Toronto’s public beaches are safe for swimming (June 24)

Heading to the beach? You’re in luck — Toronto’s public beaches will be safe for swimming from June 24 at 7:00 AM. Here’s the latest beach water quality report from Toronto Public Health:

  • Bluffer’s Beach (1 Brimley Road South) was tested safe for swimming on June 22
  • Center Island Beach (Toronto Islands) tested safe for swimming on June 22
  • Cherry Beach (1 Cherry Street) was tested safe for swimming on June 22
  • Gibraltar Point Beach (Toronto Islands) was tested safe for swimming on June 22
  • Hanlan’s Point Beach (Toronto Islands) was tested safe for swimming on June 22
  • Kew-Balmy Beach (1 Beech Avenue) tested safe for swimming on June 22
  • Marie Curtis Park Beach (2 42nd Street) tested safe for swimming on June 22

  • Sunnyside Beach (1755 Lake Shore Boulevard West) was tested safe for swimming on June 22
  • Ward’s Island Beach (Toronto Islands) tested safe for swimming on June 22
  • Woodbine Beach (1675 Lake Shore Boulevard East) was tested safe for swimming on June 22

During the summer, Toronto Public Health monitors E. coli levels at 10 public beaches. Water is considered unsafe for swimming when one sample contains 400 or more E. coli bacteria per 100 milliliters, or the geometric mean of five samples is 200 or more, according to public health guidelines from the Ontario Ministry of Health and Long-Term Care. term care.

Collecting, transporting and testing beach water for E. coli can take a day or more, so the most recent data available may not reflect current beach conditions. Swimming is not recommended when it is raining, the water is wavy or cloudy, there are many birds, or two days after a major storm.
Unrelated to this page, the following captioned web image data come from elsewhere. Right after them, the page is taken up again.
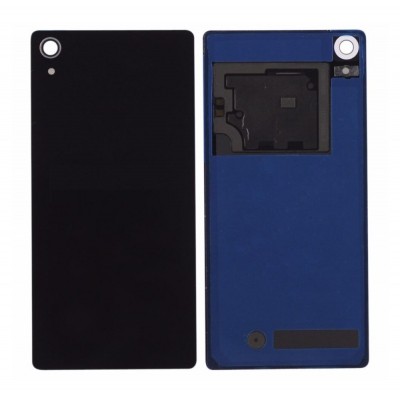 Back Panel Cover For Sony Xperia Z2 D6502 Black - Maxbhi Com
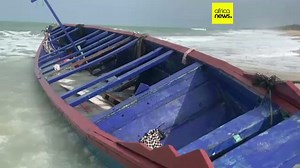 Boat carrying dozens of migrants bound for Spain returns to Gambia after taking on water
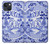 S2768 ウィローパターン グラフィック Willow Pattern Graphic iPhone 13 mini バックケース、フリップケース・カバー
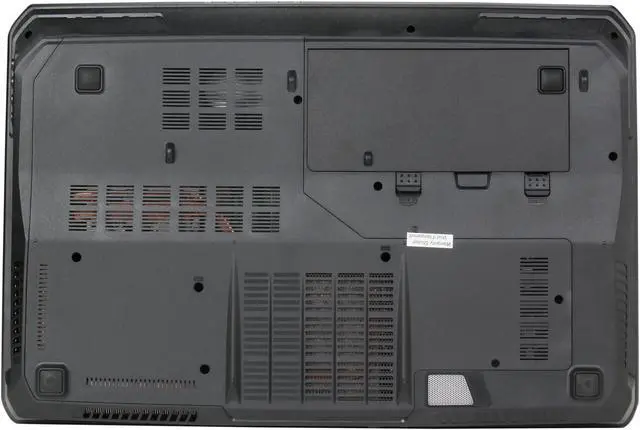 Alt view image 7 of 8 - MSI GT Series - 17.3" NVIDIA GeForce GTX 780M - Intel Core i7-4700MQ  - 12GB Memory - - Windows 7 Home Premium 64-Bit - Gaming Laptop - (GT70 2OD-407US )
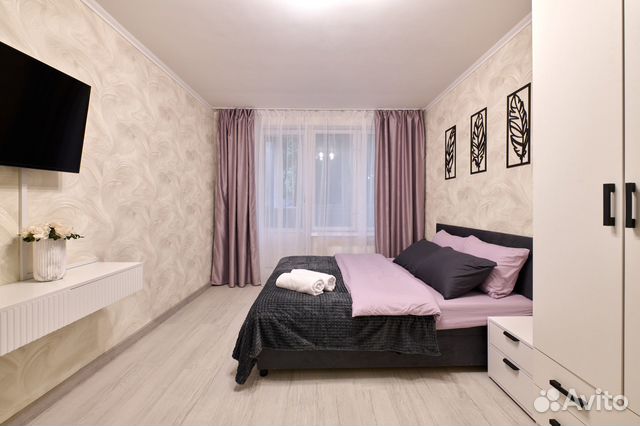

1-к. квартира, 35 м², 2 кровати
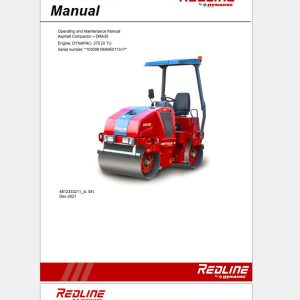 Dynapac Machinery 34.6 GB PDF EN 2022 Part Catalog Operator Maintenance Manual Full DVD 3
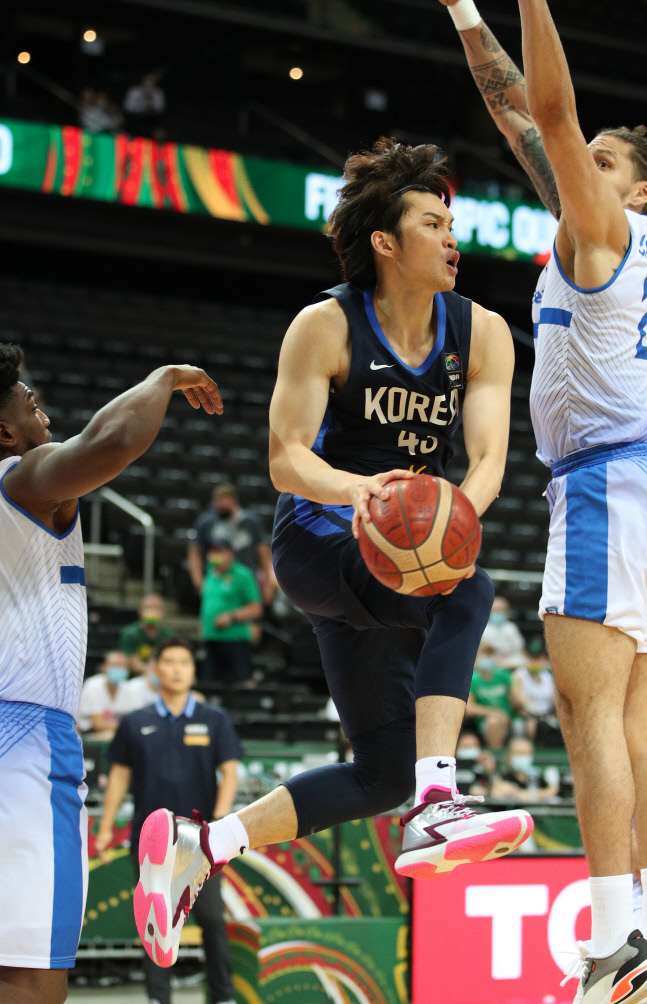 대표팀 주장 이대성의 각오 "코트위에서 다 쏟아내겠다"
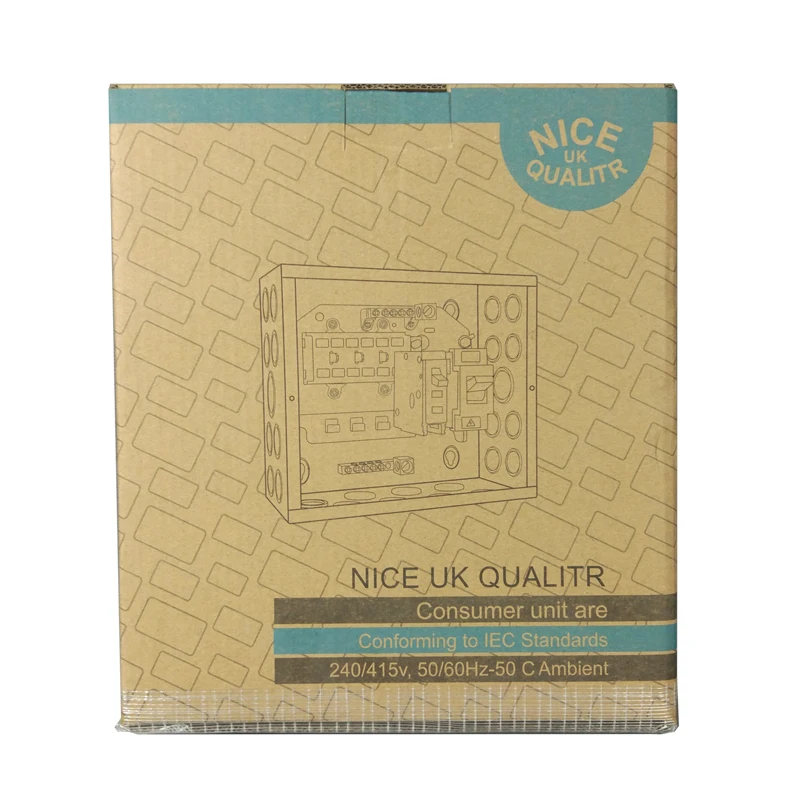 Hot Selling metal Fire Rated Electrical Distribution Box consumer unit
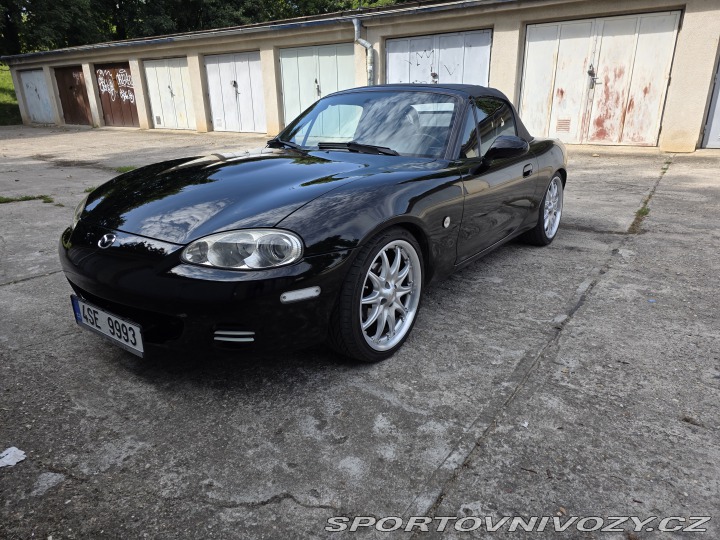 Mazda MX-5 1,6 NB, klima, hardtop 2001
Consuming E. coli can cause serious illness, including stomach cramps, diarrhea and vomiting. When high levels of the bacteria are detected, other harmful organisms are more likely to be present, including those that cause skin rashes and eye, ear, nose, and throat infections.

A beach can also be considered unsafe for swimming due to weather conditions, runoff, pollution, spills, odors, garbage, sharp debris, and dead fish. In addition, public beaches are monitored for blue-green algae, which can be highly toxic to humans, dogs and other animals.

About this story

This story is automatically generated at 7:00 AM and updated hourly until 5:00 PM as new data becomes available using Toronto Public Health open data.